**DIRECTIONS FOR THIS TASK**
The expected output is every entry below, exact in every character.

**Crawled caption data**
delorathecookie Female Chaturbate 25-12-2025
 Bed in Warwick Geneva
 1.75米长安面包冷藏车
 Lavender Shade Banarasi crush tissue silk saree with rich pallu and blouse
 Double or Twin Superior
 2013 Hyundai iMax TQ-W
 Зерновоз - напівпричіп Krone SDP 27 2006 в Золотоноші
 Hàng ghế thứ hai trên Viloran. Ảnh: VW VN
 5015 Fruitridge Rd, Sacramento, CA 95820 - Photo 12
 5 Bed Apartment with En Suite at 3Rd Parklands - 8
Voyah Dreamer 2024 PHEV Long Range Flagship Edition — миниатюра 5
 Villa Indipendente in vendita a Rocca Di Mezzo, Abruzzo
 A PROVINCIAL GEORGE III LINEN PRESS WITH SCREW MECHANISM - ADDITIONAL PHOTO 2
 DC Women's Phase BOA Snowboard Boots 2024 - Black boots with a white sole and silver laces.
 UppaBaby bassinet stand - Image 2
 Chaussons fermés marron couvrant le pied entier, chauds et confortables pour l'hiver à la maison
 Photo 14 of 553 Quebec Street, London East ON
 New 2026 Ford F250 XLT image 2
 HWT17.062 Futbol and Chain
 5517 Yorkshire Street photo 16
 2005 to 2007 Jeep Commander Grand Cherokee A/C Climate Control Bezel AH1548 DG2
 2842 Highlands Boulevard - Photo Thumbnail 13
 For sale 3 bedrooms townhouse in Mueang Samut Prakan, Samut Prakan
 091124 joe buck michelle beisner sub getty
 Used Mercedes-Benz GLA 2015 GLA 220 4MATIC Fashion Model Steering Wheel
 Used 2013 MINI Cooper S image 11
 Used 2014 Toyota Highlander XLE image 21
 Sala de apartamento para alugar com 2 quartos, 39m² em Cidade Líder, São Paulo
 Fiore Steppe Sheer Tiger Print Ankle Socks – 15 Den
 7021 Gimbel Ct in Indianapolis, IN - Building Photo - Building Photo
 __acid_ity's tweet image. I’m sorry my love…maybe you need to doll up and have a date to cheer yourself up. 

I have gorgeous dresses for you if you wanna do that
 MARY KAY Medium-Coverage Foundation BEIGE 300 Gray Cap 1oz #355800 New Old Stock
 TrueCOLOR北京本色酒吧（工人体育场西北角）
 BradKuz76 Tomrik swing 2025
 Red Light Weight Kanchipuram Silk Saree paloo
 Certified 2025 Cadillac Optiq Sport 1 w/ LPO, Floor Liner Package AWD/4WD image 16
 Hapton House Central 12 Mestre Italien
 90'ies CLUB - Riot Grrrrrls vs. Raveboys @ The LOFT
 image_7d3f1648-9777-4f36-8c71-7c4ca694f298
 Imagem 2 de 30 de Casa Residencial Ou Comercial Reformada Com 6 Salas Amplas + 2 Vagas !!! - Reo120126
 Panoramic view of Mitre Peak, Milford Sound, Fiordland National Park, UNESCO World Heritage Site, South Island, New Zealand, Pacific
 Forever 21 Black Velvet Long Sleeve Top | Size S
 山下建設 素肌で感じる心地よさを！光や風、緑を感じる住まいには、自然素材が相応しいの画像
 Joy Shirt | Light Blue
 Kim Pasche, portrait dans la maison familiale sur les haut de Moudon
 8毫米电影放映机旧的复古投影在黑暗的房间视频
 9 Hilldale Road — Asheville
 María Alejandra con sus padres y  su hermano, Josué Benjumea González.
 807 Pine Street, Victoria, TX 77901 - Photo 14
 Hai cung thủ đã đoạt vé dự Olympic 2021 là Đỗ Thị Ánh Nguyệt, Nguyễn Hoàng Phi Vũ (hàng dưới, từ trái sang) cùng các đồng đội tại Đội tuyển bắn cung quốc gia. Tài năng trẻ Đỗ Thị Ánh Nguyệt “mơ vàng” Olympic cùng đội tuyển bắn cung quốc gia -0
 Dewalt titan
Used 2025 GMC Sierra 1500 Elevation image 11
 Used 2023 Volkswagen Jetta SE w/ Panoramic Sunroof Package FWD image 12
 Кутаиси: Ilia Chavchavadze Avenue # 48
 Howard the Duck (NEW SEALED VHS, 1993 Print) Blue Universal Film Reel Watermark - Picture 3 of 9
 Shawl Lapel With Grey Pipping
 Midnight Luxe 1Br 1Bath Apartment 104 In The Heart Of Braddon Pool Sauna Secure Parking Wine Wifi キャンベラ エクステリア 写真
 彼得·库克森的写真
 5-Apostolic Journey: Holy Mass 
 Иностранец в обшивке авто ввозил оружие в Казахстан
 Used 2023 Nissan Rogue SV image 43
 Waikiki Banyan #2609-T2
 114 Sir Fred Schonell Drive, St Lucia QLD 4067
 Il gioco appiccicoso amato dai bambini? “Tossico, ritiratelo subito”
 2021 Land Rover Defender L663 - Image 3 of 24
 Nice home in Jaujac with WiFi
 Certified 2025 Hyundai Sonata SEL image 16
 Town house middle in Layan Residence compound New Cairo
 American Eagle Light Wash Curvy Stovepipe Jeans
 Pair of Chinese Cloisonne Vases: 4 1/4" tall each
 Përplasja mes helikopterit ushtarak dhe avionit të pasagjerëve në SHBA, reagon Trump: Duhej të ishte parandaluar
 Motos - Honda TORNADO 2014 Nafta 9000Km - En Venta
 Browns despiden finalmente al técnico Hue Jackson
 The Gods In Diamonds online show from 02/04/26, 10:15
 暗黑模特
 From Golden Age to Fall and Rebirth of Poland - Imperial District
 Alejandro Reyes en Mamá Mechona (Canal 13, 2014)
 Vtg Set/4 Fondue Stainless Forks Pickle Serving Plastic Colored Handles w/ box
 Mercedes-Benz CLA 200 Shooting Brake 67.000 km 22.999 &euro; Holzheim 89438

**TASK SOLUTION**
delorathecookie Female Chaturbate 25-12-2025
 Bed in Warwick Geneva
 1.75米长安面包冷藏车
 Lavender Shade Banarasi crush tissue silk saree with rich pallu and blouse
 Double or Twin Superior
 2013 Hyundai iMax TQ-W
 Зерновоз - напівпричіп Krone SDP 27 2006 в Золотоноші
 Hàng ghế thứ hai trên Viloran. Ảnh: VW VN
 5015 Fruitridge Rd, Sacramento, CA 95820 - Photo 12
 5 Bed Apartment with En Suite at 3Rd Parklands - 8
Voyah Dreamer 2024 PHEV Long Range Flagship Edition — миниатюра 5
 Villa Indipendente in vendita a Rocca Di Mezzo, Abruzzo
 A PROVINCIAL GEORGE III LINEN PRESS WITH SCREW MECHANISM - ADDITIONAL PHOTO 2
 DC Women's Phase BOA Snowboard Boots 2024 - Black boots with a white sole and silver laces.
 UppaBaby bassinet stand - Image 2
 Chaussons fermés marron couvrant le pied entier, chauds et confortables pour l'hiver à la maison
 Photo 14 of 553 Quebec Street, London East ON
 New 2026 Ford F250 XLT image 2
 HWT17.062 Futbol and Chain
 5517 Yorkshire Street photo 16
 2005 to 2007 Jeep Commander Grand Cherokee A/C Climate Control Bezel AH1548 DG2
 2842 Highlands Boulevard - Photo Thumbnail 13
 For sale 3 bedrooms townhouse in Mueang Samut Prakan, Samut Prakan
 091124 joe buck michelle beisner sub getty
 Used Mercedes-Benz GLA 2015 GLA 220 4MATIC Fashion Model Steering Wheel
 Used 2013 MINI Cooper S image 11
 Used 2014 Toyota Highlander XLE image 21
 Sala de apartamento para alugar com 2 quartos, 39m² em Cidade Líder, São Paulo
 Fiore Steppe Sheer Tiger Print Ankle Socks – 15 Den
 7021 Gimbel Ct in Indianapolis, IN - Building Photo - Building Photo
 __acid_ity's tweet image. I’m sorry my love…maybe you need to doll up and have a date to cheer yourself up. 

I have gorgeous dresses for you if you wanna do that
 MARY KAY Medium-Coverage Foundation BEIGE 300 Gray Cap 1oz #355800 New Old Stock
 TrueCOLOR北京本色酒吧（工人体育场西北角）
 BradKuz76 Tomrik swing 2025
 Red Light Weight Kanchipuram Silk Saree paloo
 Certified 2025 Cadillac Optiq Sport 1 w/ LPO, Floor Liner Package AWD/4WD image 16
 Hapton House Central 12 Mestre Italien
 90'ies CLUB - Riot Grrrrrls vs. Raveboys @ The LOFT
 image_7d3f1648-9777-4f36-8c71-7c4ca694f298
 Imagem 2 de 30 de Casa Residencial Ou Comercial Reformada Com 6 Salas Amplas + 2 Vagas !!! - Reo120126
 Panoramic view of Mitre Peak, Milford Sound, Fiordland National Park, UNESCO World Heritage Site, South Island, New Zealand, Pacific
 Forever 21 Black Velvet Long Sleeve Top | Size S
 山下建設 素肌で感じる心地よさを！光や風、緑を感じる住まいには、自然素材が相応しいの画像
 Joy Shirt | Light Blue
 Kim Pasche, portrait dans la maison familiale sur les haut de Moudon
 8毫米电影放映机旧的复古投影在黑暗的房间视频
 9 Hilldale Road — Asheville
 María Alejandra con sus padres y  su hermano, Josué Benjumea González.
 807 Pine Street, Victoria, TX 77901 - Photo 14
 Hai cung thủ đã đoạt vé dự Olympic 2021 là Đỗ Thị Ánh Nguyệt, Nguyễn Hoàng Phi Vũ (hàng dưới, từ trái sang) cùng các đồng đội tại Đội tuyển bắn cung quốc gia. Tài năng trẻ Đỗ Thị Ánh Nguyệt “mơ vàng” Olympic cùng đội tuyển bắn cung quốc gia -0
 Dewalt titan
Used 2025 GMC Sierra 1500 Elevation image 11
 Used 2023 Volkswagen Jetta SE w/ Panoramic Sunroof Package FWD image 12
 Кутаиси: Ilia Chavchavadze Avenue # 48
 Howard the Duck (NEW SEALED VHS, 1993 Print) Blue Universal Film Reel Watermark - Picture 3 of 9
 Shawl Lapel With Grey Pipping
 Midnight Luxe 1Br 1Bath Apartment 104 In The Heart Of Braddon Pool Sauna Secure Parking Wine Wifi キャンベラ エクステリア 写真
 彼得·库克森的写真
 5-Apostolic Journey: Holy Mass 
 Иностранец в обшивке авто ввозил оружие в Казахстан
 Used 2023 Nissan Rogue SV image 43
 Waikiki Banyan #2609-T2
 114 Sir Fred Schonell Drive, St Lucia QLD 4067
 Il gioco appiccicoso amato dai bambini? “Tossico, ritiratelo subito”
 2021 Land Rover Defender L663 - Image 3 of 24
 Nice home in Jaujac with WiFi
 Certified 2025 Hyundai Sonata SEL image 16
 Town house middle in Layan Residence compound New Cairo
 American Eagle Light Wash Curvy Stovepipe Jeans
 Pair of Chinese Cloisonne Vases: 4 1/4" tall each
 Përplasja mes helikopterit ushtarak dhe avionit të pasagjerëve në SHBA, reagon Trump: Duhej të ishte parandaluar
 Motos - Honda TORNADO 2014 Nafta 9000Km - En Venta
 Browns despiden finalmente al técnico Hue Jackson
 The Gods In Diamonds online show from 02/04/26, 10:15
 暗黑模特
 From Golden Age to Fall and Rebirth of Poland - Imperial District
 Alejandro Reyes en Mamá Mechona (Canal 13, 2014)
 Vtg Set/4 Fondue Stainless Forks Pickle Serving Plastic Colored Handles w/ box
 Mercedes-Benz CLA 200 Shooting Brake 67.000 km 22.999 &euro; Holzheim 89438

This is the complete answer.